The thing with using cloud services is that sometimes the hosting provider can make changes to configurations that have impacts (such as monitoring software that steals precious CPU at seemingly random moments, or network topology hardware that impacts connectivity)... without it necessarily being under your own control. I've had a few high-visibility incidents where, after investigation, the buck stopped with us even though technically the studio could have shifted blame to an unanticipated change from the hosting provider.
Disclaimer: I currently work at Microsoft Game Studios, though this comment reflects my own opinions based on experiences unrelated to this incident.
Of course, that's totally understandable - I recently root caused an incident to "AWS likely changed how this component behaves at some point in a particular 2 month timespan."
But I think there's a lot more to be learned by sharing how STUN changed, what the new behaviour is, what the intent of the change was, how it was tested, etc.
For a counter-example of the level of detail I'd like to see, I saw this [1] DataDog incident report go by on Twitter this morning. This is straight up awesome and more detailed that most of our internal incident reports.
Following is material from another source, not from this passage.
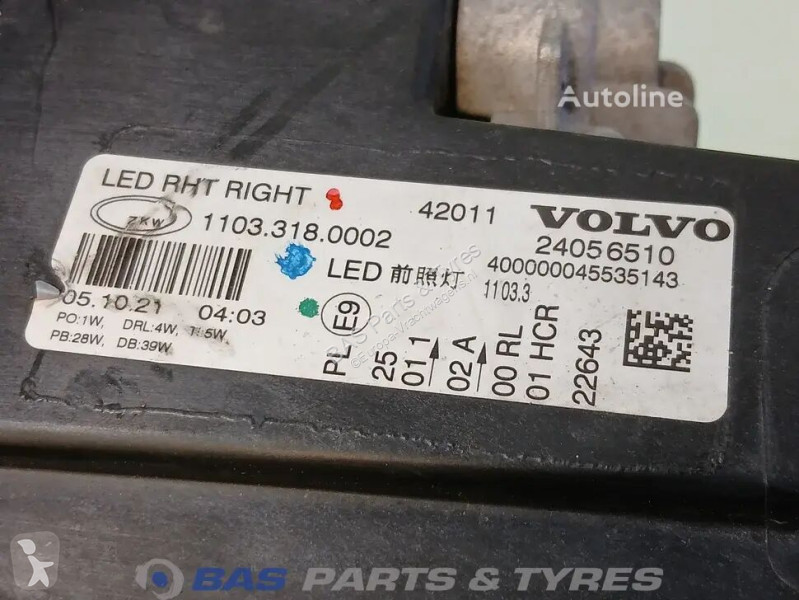 Pièces poids lourds Volvo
I definitely learned a lot from reading it.
Both Bungie and 343 have done an admirable job (well, compared to other devs) about explaining their network infrastructure etc. Back in the day they did a big talk about how their matchmaking in Halo2/3 worked that I think to this day is still one of the best methods of learning when you're not in the industry yet. I can't recall what it was called though: might be the "Chris Butcher - Recreating the LAN Party Online: The Networking and Social Infrastructure of Halo 2" GS talk but I can't listen right now to check
Along these lines is the venerable TRIBES Engine Networking Model whitepaper. It was so good, it was shipped as part of the XDK for a decade. I believe Bungie even leaned on it quite a bit when creating their networking stack.
https://www.gamedevs.org/uploads/tribes-networking-model.pdf
Disclaimer: I work at Microsoft Game Studios, but this comment reflects my own opinions.
Only semi-related, but there was a recent excellent, short podcast interview series with one of Halo 2's multiplayer designers: https://smarturl.it/H2Pod
And similar to my sibling comment, mostly for anyone else browsing through - the comments on this recent HN post have a lot of resources about game dev stuff in general, which might be of interest (though I also cannot promise directly related X) ): https://news.ycombinator.com/item?id=31084779
Given that the error resulted from the STUN and ICE servers, which from my understanding exist solely to play a part in the NAT punching process, would this entire situation have been mitigated if things were end-to-end IPV6?
Only in theory. In practice even when IPv6 is in use, people have stateful firewalls that will drop unsolicited connection attempts.
Compared to ipv4 where there is UPnP and NAT-PMP with widespread support in routers, there are protocols to allow clients to reconfigure the router with ephemeral firewall rules, but they are not wide-spread and support is very spotty.
So in practice, users with just IPv6 would have the exact same problems and would be even more likely to depend on STUN and ICE because their firewalls likely won’t support client-side hole-punching correctly
The root cause is REALLY surprising. If it's really an unrelated change to the NAT/STUN relay server, it means that there was a pretty broad lack of change management framework.
MCC probably has an "interesting" architecture as it's a combination of Halo games that spans a few generations that makes something like playfab a bit too restrictive to work in.
Anyone else having issues viewing this on Firefox? I can see the whole webpage for an instant, then everything disappears, then it is "slowing down my browser".